TASK DETAILS:
Below are some entries. Count how many of their lines include "Image", then give that number only.

PROVIDED ENTRIES:
- - - - - - -
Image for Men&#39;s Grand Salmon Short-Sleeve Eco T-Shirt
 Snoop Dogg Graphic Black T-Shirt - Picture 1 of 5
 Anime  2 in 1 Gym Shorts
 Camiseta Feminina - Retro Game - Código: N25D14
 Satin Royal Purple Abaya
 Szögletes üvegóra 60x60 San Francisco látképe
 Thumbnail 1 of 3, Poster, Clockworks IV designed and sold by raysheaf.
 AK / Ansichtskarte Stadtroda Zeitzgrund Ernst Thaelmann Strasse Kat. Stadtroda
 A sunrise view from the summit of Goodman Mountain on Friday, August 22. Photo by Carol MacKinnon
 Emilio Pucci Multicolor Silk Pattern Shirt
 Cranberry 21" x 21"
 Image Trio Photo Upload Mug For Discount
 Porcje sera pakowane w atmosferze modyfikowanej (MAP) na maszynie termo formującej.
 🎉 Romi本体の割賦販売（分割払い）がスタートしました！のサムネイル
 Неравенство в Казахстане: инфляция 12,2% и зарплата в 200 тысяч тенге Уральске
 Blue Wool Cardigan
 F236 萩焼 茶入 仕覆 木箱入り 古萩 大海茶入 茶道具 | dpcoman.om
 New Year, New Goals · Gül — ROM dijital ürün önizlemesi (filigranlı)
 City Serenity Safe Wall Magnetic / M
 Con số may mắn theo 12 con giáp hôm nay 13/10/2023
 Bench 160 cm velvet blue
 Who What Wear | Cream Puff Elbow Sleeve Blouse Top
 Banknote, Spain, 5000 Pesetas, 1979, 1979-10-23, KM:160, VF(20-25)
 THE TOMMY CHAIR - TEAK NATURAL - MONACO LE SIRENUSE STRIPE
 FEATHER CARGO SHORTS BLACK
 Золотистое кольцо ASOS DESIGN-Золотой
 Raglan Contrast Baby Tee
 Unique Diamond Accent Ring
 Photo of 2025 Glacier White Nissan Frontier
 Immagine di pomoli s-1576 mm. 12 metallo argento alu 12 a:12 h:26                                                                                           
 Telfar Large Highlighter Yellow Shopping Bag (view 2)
- - - - - - -
TASK RESULT:
2